The government says it is still facing a major terrorist threat and that detentions take place in accordance with the judicial process.
Ali al-Mousawi, an advisor to al-Maliki, strongly condemned the report Sunday.
He denied that there are secret prisons in Iraq or that that Iraqi authorities have been torturing prisoners, but admitted there could be "individual cases committed by individual security forces" who, he said, would be "held accountable for their violations."
But Samer Muscati of Human Rights Watch is not convinced.
"It's not a one-off thing that is happening. ... This is unfortunately a routine process that is going on," he said of abuse of of prisoners.
"The security forces that have engaged in abuses need to be held to account," he said, insisting: "There needs to be a strong emphasis from the government that this will not be tolerated."
The group was also critical of the crackdown on peaceful protesters by security forces, saying both the federal government and regional authorities in Kurdistan "responded with violence" and "used legal means to curtail protests."

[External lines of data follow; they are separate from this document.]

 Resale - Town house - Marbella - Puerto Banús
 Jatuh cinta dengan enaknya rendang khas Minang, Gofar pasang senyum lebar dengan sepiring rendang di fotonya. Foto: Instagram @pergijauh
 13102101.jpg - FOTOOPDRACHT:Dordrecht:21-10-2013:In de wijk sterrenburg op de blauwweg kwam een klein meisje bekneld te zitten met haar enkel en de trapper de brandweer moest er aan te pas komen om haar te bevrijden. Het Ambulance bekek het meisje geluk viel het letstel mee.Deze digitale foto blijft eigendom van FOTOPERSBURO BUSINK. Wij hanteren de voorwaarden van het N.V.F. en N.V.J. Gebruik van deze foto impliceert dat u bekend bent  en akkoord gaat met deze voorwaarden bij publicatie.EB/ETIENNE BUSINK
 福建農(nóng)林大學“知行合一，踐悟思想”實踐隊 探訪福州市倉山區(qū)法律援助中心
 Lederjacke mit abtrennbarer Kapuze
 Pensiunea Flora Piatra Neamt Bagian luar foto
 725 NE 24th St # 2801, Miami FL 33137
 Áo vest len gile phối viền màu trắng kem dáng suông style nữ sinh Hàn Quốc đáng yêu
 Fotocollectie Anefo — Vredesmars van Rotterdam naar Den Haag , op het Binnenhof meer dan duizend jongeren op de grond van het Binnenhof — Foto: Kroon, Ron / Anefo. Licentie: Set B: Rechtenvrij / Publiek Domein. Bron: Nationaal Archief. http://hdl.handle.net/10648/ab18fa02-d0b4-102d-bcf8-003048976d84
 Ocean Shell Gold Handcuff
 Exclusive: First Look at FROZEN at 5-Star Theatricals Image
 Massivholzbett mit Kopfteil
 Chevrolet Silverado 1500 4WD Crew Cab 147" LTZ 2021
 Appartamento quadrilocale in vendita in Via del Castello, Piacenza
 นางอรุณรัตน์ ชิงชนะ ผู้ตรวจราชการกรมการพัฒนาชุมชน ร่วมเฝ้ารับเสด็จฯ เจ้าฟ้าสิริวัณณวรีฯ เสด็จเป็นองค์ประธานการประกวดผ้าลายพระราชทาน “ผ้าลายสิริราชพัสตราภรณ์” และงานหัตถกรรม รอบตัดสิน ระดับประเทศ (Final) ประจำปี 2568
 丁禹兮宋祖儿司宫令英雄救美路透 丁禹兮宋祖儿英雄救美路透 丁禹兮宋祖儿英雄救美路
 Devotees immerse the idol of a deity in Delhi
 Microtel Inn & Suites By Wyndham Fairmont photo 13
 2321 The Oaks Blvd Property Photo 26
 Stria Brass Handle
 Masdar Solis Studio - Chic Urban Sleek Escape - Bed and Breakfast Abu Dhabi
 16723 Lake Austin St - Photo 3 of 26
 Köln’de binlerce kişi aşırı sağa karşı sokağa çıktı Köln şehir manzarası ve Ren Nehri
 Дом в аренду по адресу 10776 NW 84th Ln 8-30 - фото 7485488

At least 10 protesters and bystanders have been killed in Kurdistan, and more than 250 injured, the group said.
Another dozen were killed by security forces elsewhere in the country during nationwide demonstrations in February, Human Rights Watch said.
Journalists in Iraq also suffered abuse and worse, with five journalists and one other media worker killed, the group said, citing the Committee to Protect Journalists.
And women and girls continued to be the victims of violence, both from extremists who target women involved in public life, and family members who commit "honor" crimes against them, Human Rights Watch said.
Al-Mousawi, the advisor to the prime minister, denied the government had cracked down on protesters, the freedom of expression or the media.
Amnesty International has also been critical of the Iraqi government, accusing it of failing to protect the media and civilians, carrying out executions and treating Iranian refugees in the country improperly.